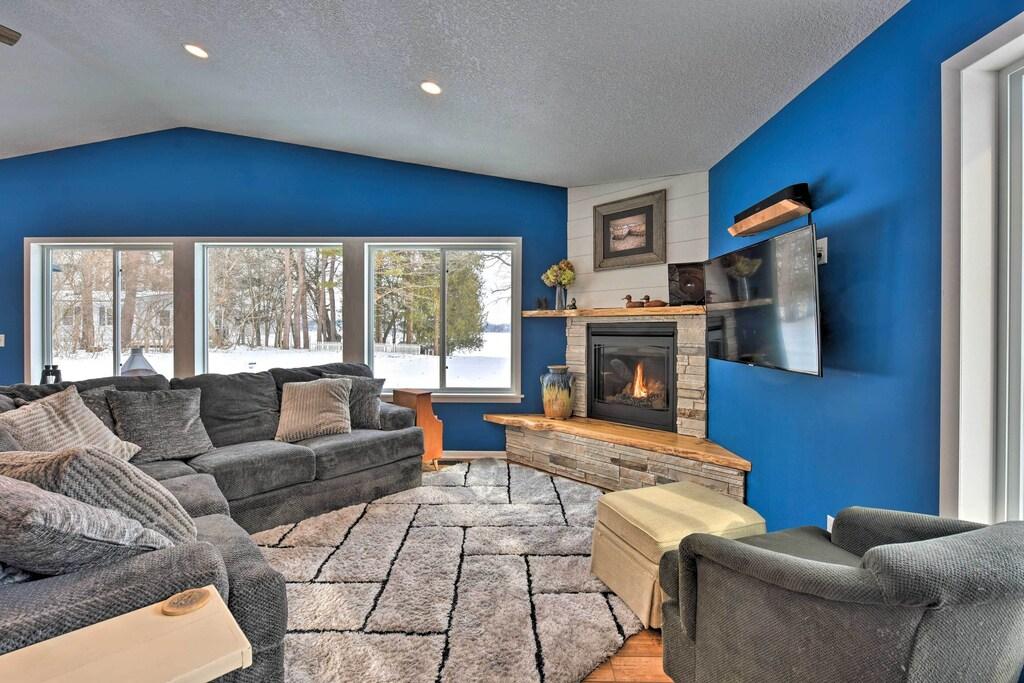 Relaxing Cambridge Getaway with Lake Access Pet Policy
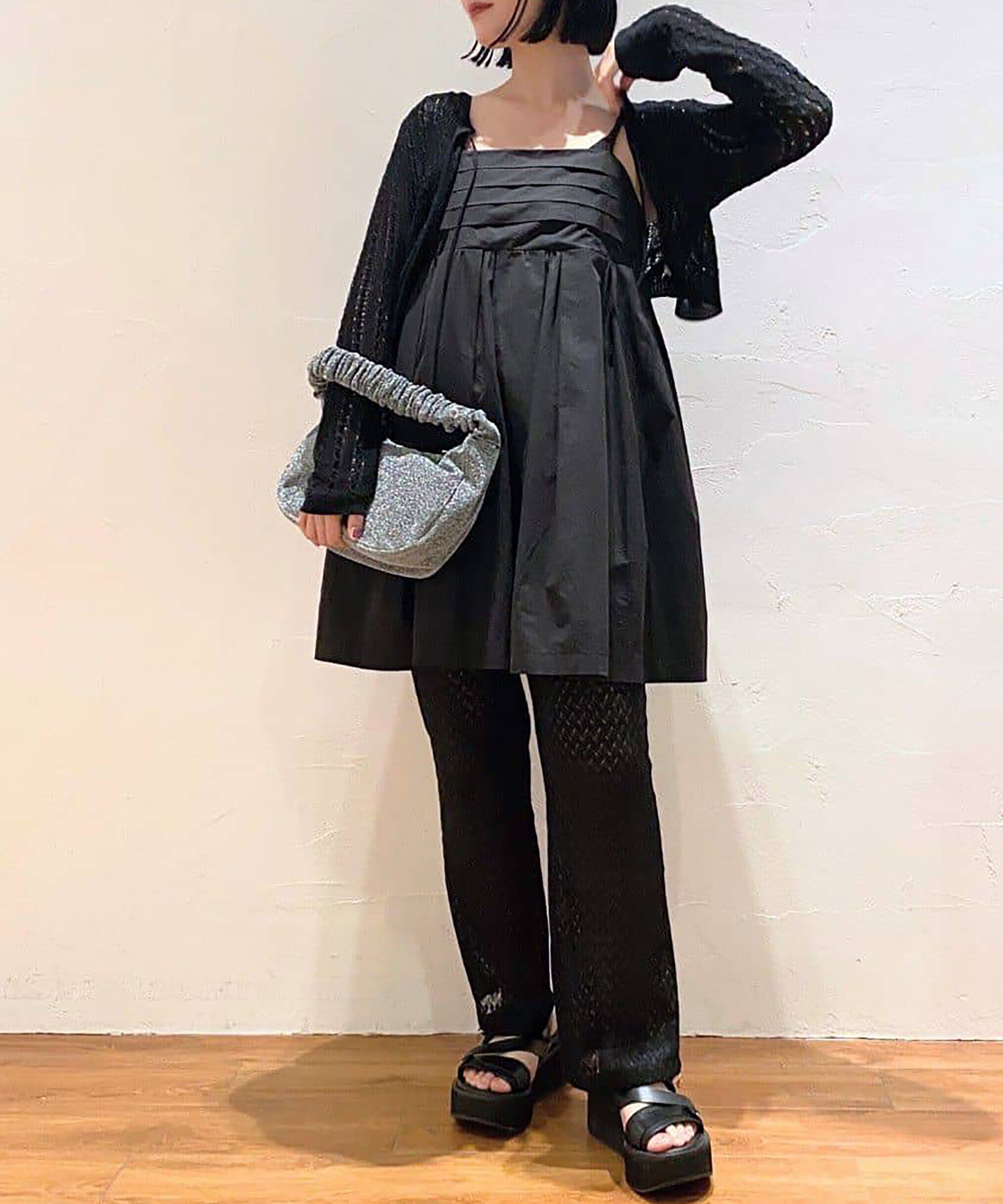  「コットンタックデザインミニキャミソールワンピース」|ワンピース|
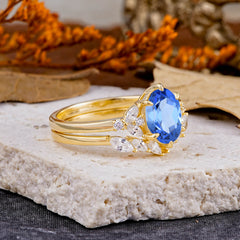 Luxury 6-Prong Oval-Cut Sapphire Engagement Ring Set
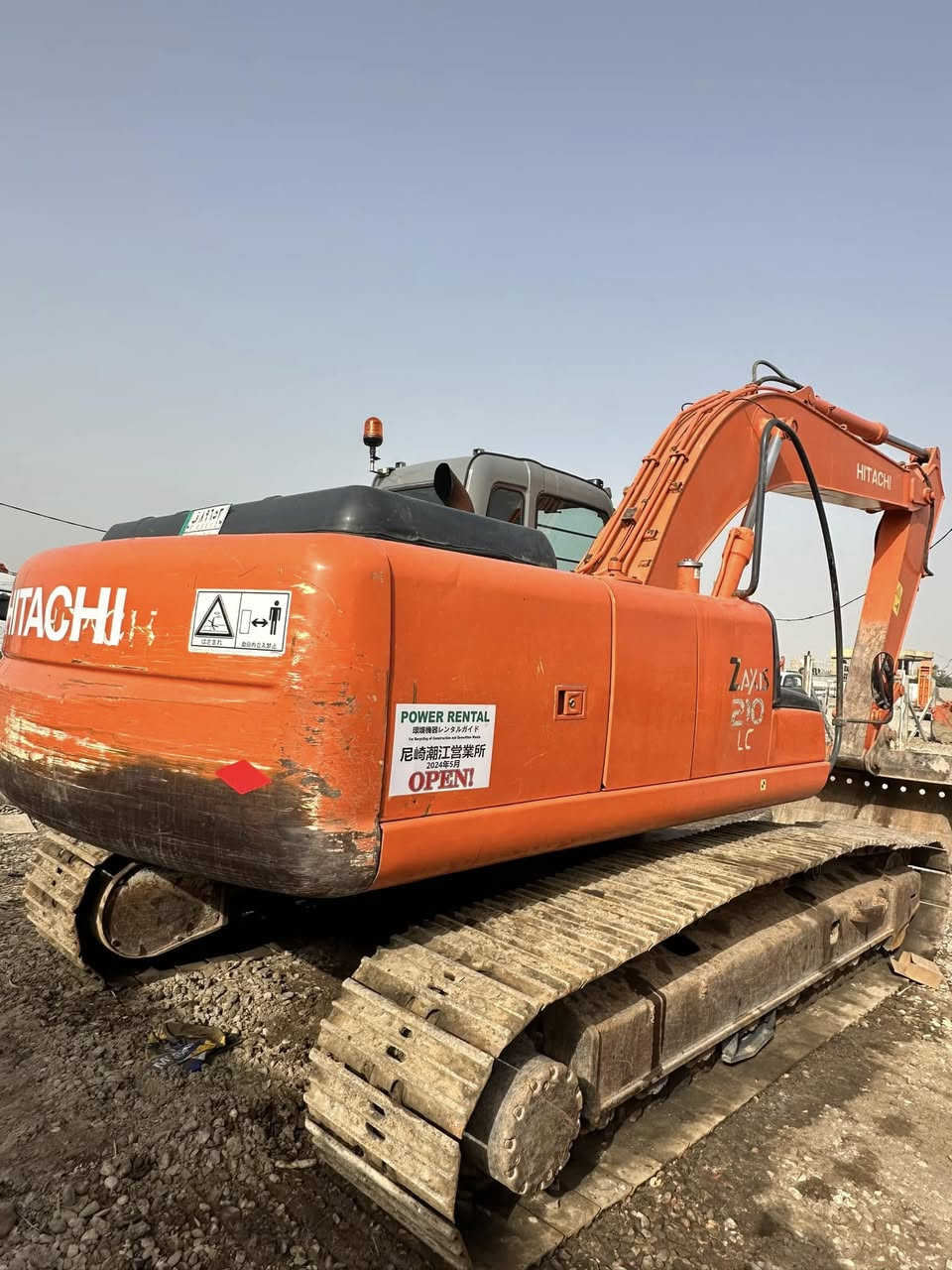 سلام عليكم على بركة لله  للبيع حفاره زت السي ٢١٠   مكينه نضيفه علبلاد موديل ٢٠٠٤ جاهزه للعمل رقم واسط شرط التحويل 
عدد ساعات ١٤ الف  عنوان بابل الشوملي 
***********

-.-.-

*Task goal*
Please give back the data above word for word, with no pictures included.

*Solution for this exercise*
 Relaxing Cambridge Getaway with Lake Access Pet Policy
  「コットンタックデザインミニキャミソールワンピース」|ワンピース|
 Luxury 6-Prong Oval-Cut Sapphire Engagement Ring Set
 سلام عليكم على بركة لله  للبيع حفاره زت السي ٢١٠   مكينه نضيفه علبلاد موديل ٢٠٠٤ جاهزه للعمل رقم واسط شرط التحويل 
عدد ساعات ١٤ الف  عنوان بابل الشوملي 
***********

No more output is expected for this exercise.